Proposition

Let $A$ be a ring and let $X$ be the set of all prime ideals of $A$. For each subset $E$ of $A$, let $V(E)$ denote the set of all prime ideals of $A$ which contain $E$. Prove that

  1. if $a$ is the ideal generated by $E$, then $V(E) = V(a) = V(r(a))$.
  2. $V(0) = X, V(1) = \emptyset$.
  3. If \((E_i)_{i \in I}\) is any family of subsets of $A$, then \(V(\cup_{i \in I} E_i) = \cap_{i \in I} V(E_i)\).
  4. $V(a \cap b) = V(ab) = V(a) \cup V(b)$ for any ideals $a, b$ of $A$.

Solution

1

  • Since $E \subset a$, $V(a) \subset V(E)$.
  • Let $p \in V(E)$. Then $p$ is an ideal containing $E$. Since $a$ is the smallest ideal containing $E$, $a \subset p$. Therefore, $p \in V(a)$.

Therefore, $V(a) = V(E)$.

Since $a \subset r(a)$, $V(r(a)) \subset V(a)$.
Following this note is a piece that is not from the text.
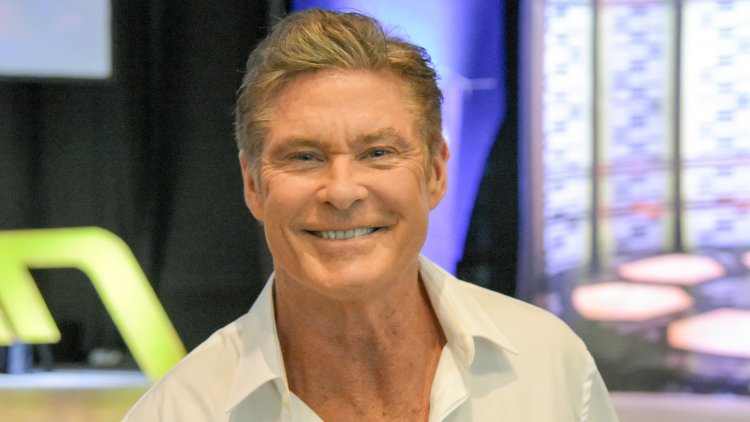Ups and downs of David Hasselhoff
Let $p \in V(a)$. Then $p$ is a prime ideal containing $a$. Let $x \in r(a)$. If $x \in p$, we are done.

Suppose $x \notin p$. Then $x^m \in a \subset p$ for some $m \geq 1$. Then $x \cdot x^{m - 1} \in p$, so either $x$ or $x^{m - 1}$ is in $p$. Since we assumed $x \notin p$, $x^{m - 1} \in p$. However, by repeating this process, it will show that $x \in p$ after $m - 1$ steps. Therefore, $x$ must be in $p$.

This means $r(a) \subset p$, so $p \in V(r(a))$. Therefore, $V(r(a)) = V(a)$.

2

Since every prime ideal contains $0$, $V(0) = X$. Since every prime ideal is a proper ideal, no prime ideal contains $1$. Thus $V(1) = \emptyset$.

3

\[\begin{align*} p \in V(\cup_{i \in I} E_i) &\iff \forall i \in I, E_i \subset p \\ &\iff \forall i \in I, p \in V(E_i) \\ &\iff p \in \cap_{i \in I} V(E_i). \end{align*}\]

4

Since $ab \subset a$ and $ab \subset b$, $ab \subset a \cap b$. Therefore, $V(a \cap b) \subset V(ab)$.

Let $p \in V(ab)$. Then $ab \subset p$. Let $x \in a \cap b$. Then $x^2 \in ab \subset p$, so $x \in p$. Therefore, $a \cap b \subset p$, so $p \in V(a \cap b)$.

This shows $V(ab) = V(a \cap b)$.

Since $a \cap b \subset a$ and $a \cap b \subset b$, $V(a) \subset V(a \cap b)$ and $V(b) \subset V(a \cap b)$. Thus, $V(a) \cup V(b) \subset V(a \cap b)$.

Let $p \in V(a \cap b)$. If $a \subset p$, then $p \in V(a)$. Suppose otherwise. Let $x \in b$ and $y \in a \setminus p$. Then $xy \in a \cap b \subset p$. Since $p$ is prime and $y \notin p$, $x \in p$. Therefore, $b \subset p$, so $p \in V(b)$.

Thus we have $p \in V(a) \cup V(b)$, so we have $V(a) \cup V(b) = V(a \cap b)$.